To specify the commandline call for this program, enter the following in the cmdline field of the properties window of generic_program-1:

R --slave --vanilla --args infile1 infile2 infile3 infile4 outfile1

The arguments (“infile1”, ..., “outfile1”) define the input and output file names.

Then check the Use a script option and enter the following in the textbox :

# Load the RXMCDA package (which in turn
# will load the required XML package)

library(RXMCDA)

# Get the list of arguments behind the --args option

args <- commandArgs(trailingOnly = TRUE)

# Get the filenames from the arguments

alternativesFile <- args[1]
criteriaFile <- args[2]
performanceTableFile <- args[3]
criteriaWeightsFile <- args[4]
overallValuesFile <- args[5]

# Load the input files
# See the documentation of the XML package for R
# for further details on the xmlParse function

treeAlternatives<-xmlTreeParse(alternativesFile,useInternalNodes=TRUE)
treeCriteria<-xmlTreeParse(criteriaFile,useInternalNodes=TRUE)
treePerformanceTable<-xmlTreeParse(performanceTableFile,useInternalNodes=TRUE)
treeCriteriaWeights<-xmlTreeParse(criteriaWeightsFile,useInternalNodes=TRUE)

# Read the MCDA data from the files
# See the documentation of the RXMCDA package for R for further
# details concerning this step, and for the description
# of the output data

critIDs <- getCriteriaIDs(treeCriteria)[[1]]
altIDs <- getAlternativesIDs(treeAlternatives)[[1]]
perfTable <- getPerformanceTables(treePerformanceTable,altIDs = altIDs, critIDs = critIDs)[[1]]
critWeights <- getCriteriaValues(treeCriteriaWeights, critIDs)[[1]]

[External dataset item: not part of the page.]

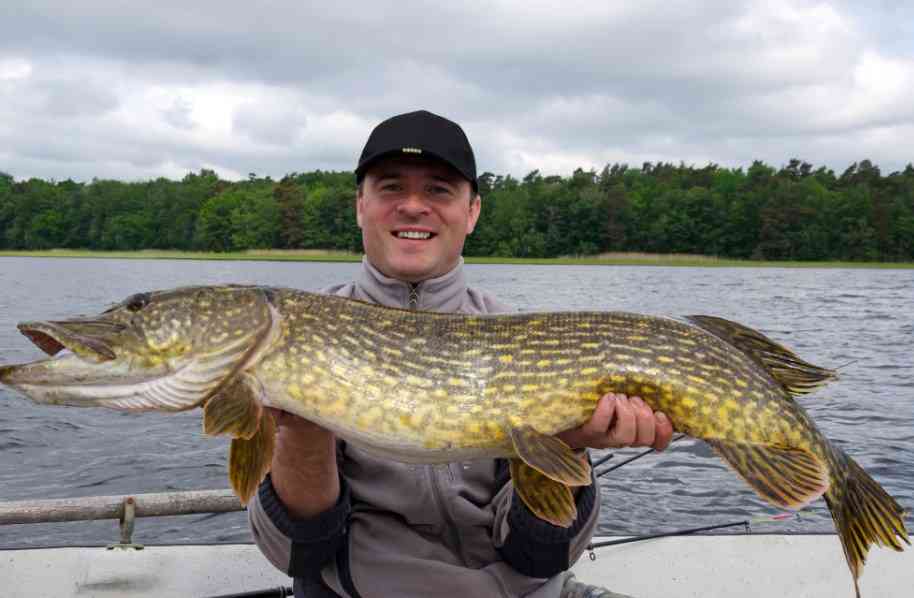 особенности ловли щуки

# Calculate the weighted sum of the alternatives

overallValues <- c()
for (i in 1:dim(perfTable)[1]){
     overallValues <- rbind(overallValues, c(i,sum(perfTable[i,]*t(critWeights[,2]))))
}

# Write the result file
# We first create an empty XML tree

outTree = newXMLDoc()

# Then we specify the root node

newXMLNode("xmcda:XMCDA",
     attrs=c("xsi:schemaLocation" = "http://www.decision-deck.org/2009/XMCDA-2.1.0 https://www.decision-deck.org/xmcda/_downloads/XMCDA-2.1.0.xsd"),
     suppressNamespaceWarning=TRUE,
     namespace = c("xsi" = "http://www.w3.org/2001/XMLSchema-instance", "xmcda" = "http://www.decision-deck.org/2009/XMCDA-2.1.0"),
     parent=outTree)

# And finally we write the output data in the XML tree
# Again, see the RXMCDA documentation for
# further details on the putAlternativesValues function and its arguments

putAlternativesValues(outTree, overallValues, rownames(perfTable), "overallValues")

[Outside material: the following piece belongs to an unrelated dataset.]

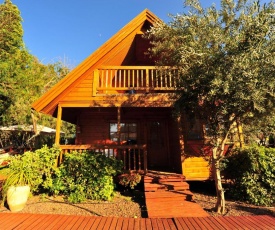 Arbel Holiday Homes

saveXML(outTree, file=overallValuesFile)

Instead of pasting everything in the script field of the properties window, you could have created a new file (let’s say “weightedSum.R”) and changed the command line to :

R --slave --vanilla --file=/path/to/weightedSum.R --args infile1 infile2 infile3 infile4 outfile1

Another option is to add the file of the script (let’s say “weightedSum.R”) to your workspace, and connect it to generic_program-1. To do so, you need to check the option ‘Provide the script as a file’, which adds an input called script to the generic_program-1 box. You just have to connect the file representing your script to this entry. The command-line now becomes:

R --slave --vanilla --file=script --args infile1 infile2 infile3 infile4 outfile1

To check that your program works as expected, connect the following 4 input files to the correct input elements of generic_program-1:

Then, execute the workflow and click on outfile1 to display the overall values of the input alternatives.

Remarks

This example shows the basic usage of local R scripts in R. Note that we warmly recommend to do further tests in your scripts in order to increase its robustness. For example, you should encapsulate parts of the script in tryCatch blocks to handle exceptions. Such errors could then be written to a second output file which would help the user to solve the execution problems. Furthermore, you should check the validity of the input files with respect to the XMCDA Schema. You could do that by using the checkXSD function of the R package RXMCDA.

You can download the workflow bundled with the input files described in this tutorial from here. See here for a tutorial on how to import such a workflow into diviz.